→ **ASSIGNMENT**
Give a verbatim copy of the data, leaving the pictures out.
-*-*-
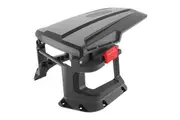 Ozito PXC Robot Lawn Mower Garage PXGAR-500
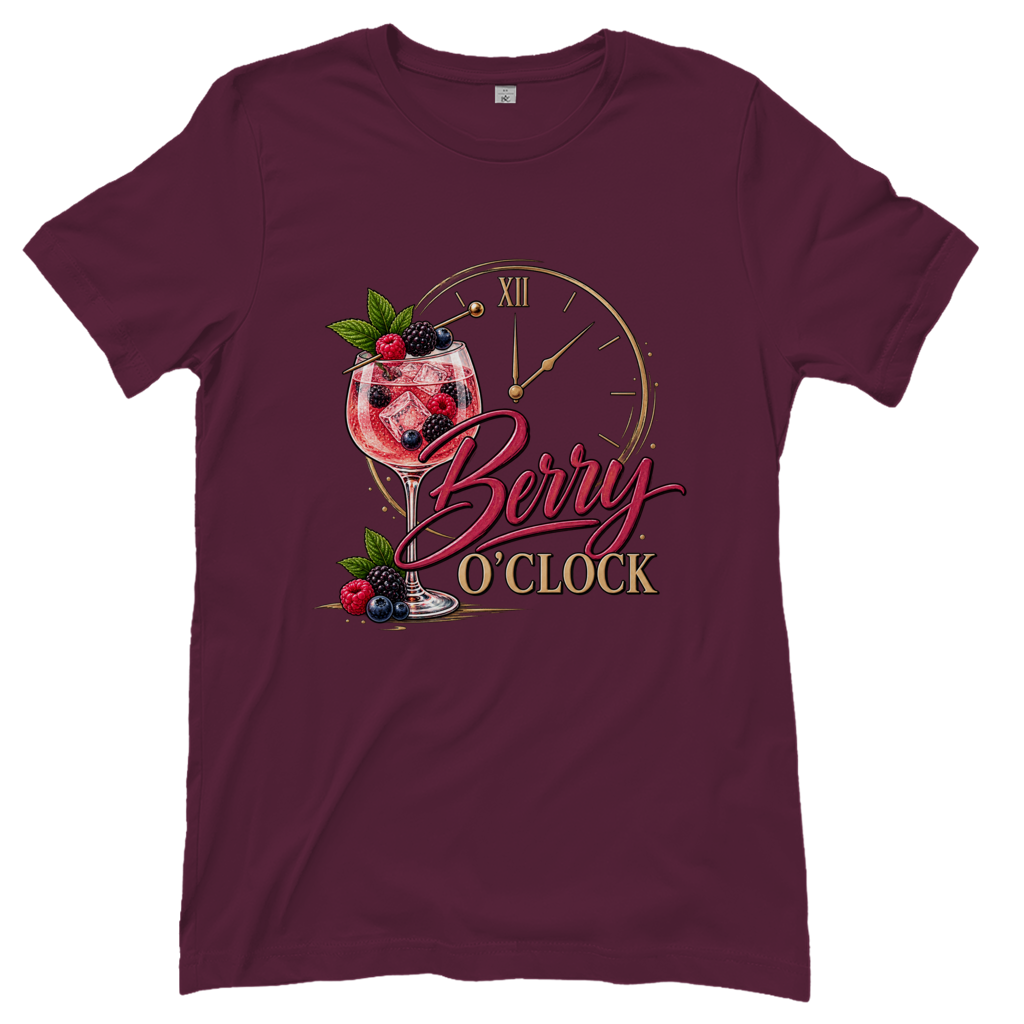 Berry o´Clock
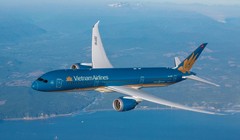 Vietnam Airlines lỗ hơn 11.000 tỉ đồng năm 2020 (Nguồn: VNA)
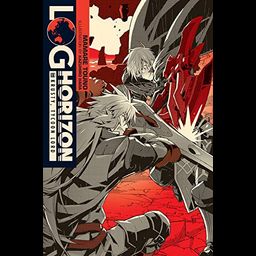 Light Novel Log Horizon Vol. 11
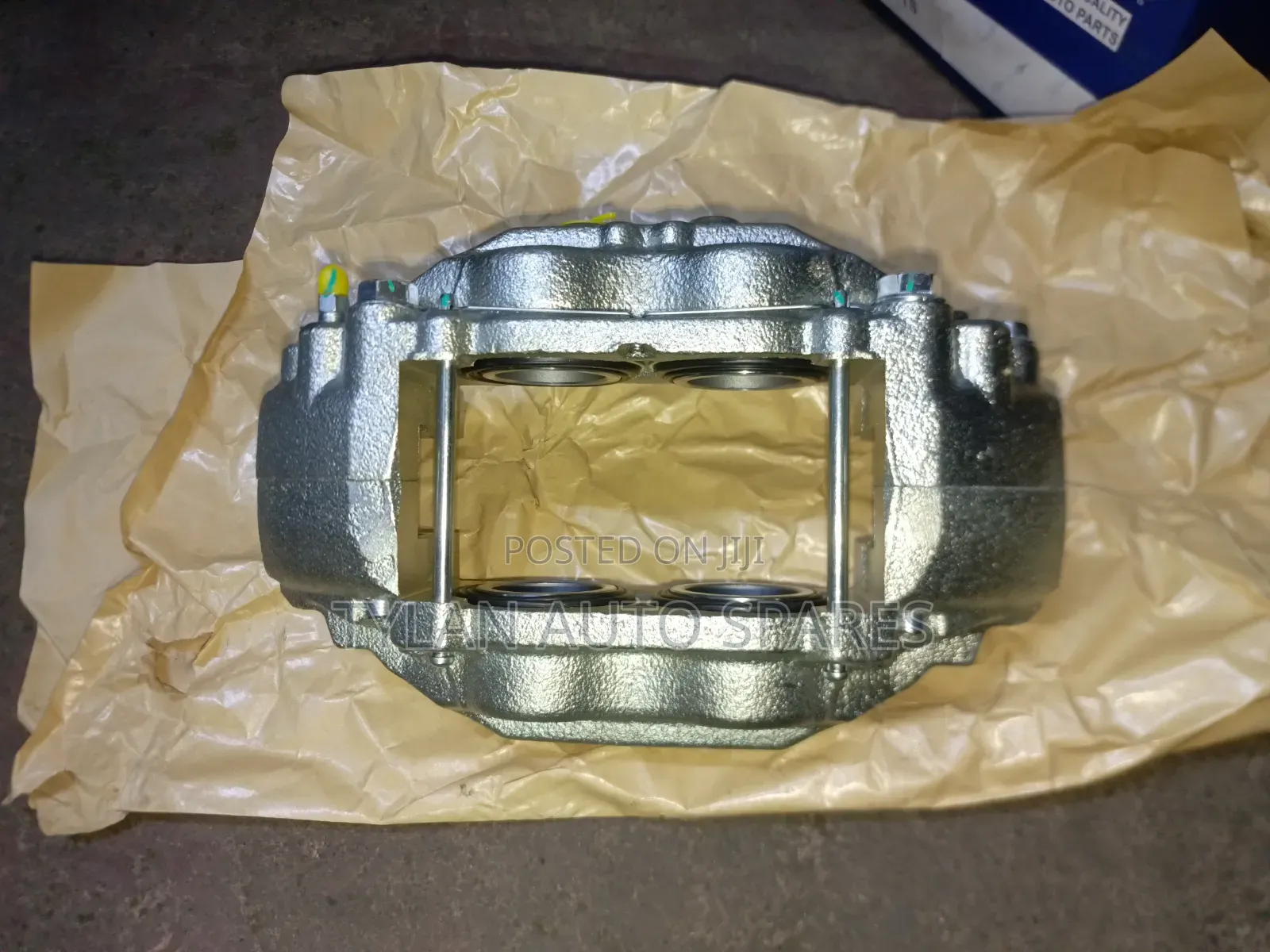 Front Caliper Land Cruiser 200 Series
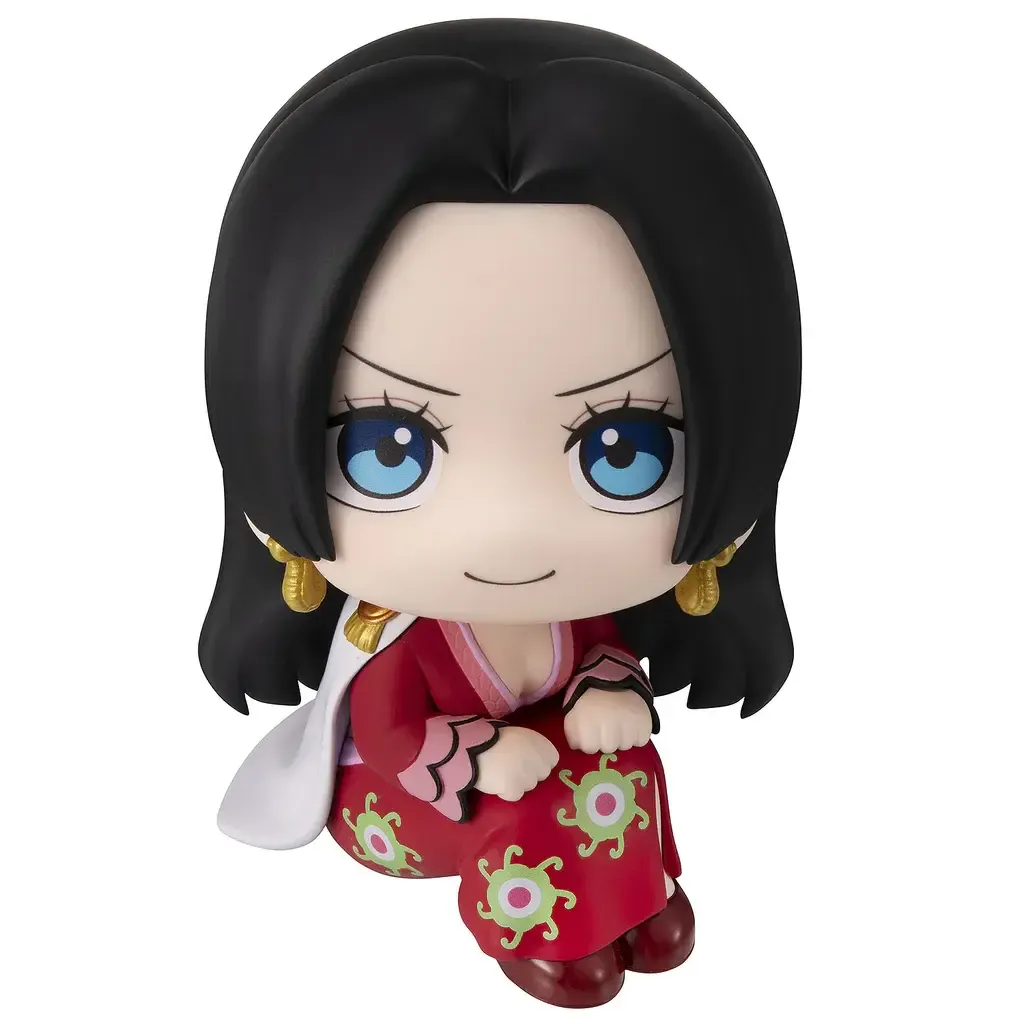 Lookup - Boa Hancock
-*-*-
→ **RESPONSE AREA**
 Ozito PXC Robot Lawn Mower Garage PXGAR-500
 Berry o´Clock
 Vietnam Airlines lỗ hơn 11.000 tỉ đồng năm 2020 (Nguồn: VNA)
 Light Novel Log Horizon Vol. 11
 Front Caliper Land Cruiser 200 Series
 Lookup - Boa Hancock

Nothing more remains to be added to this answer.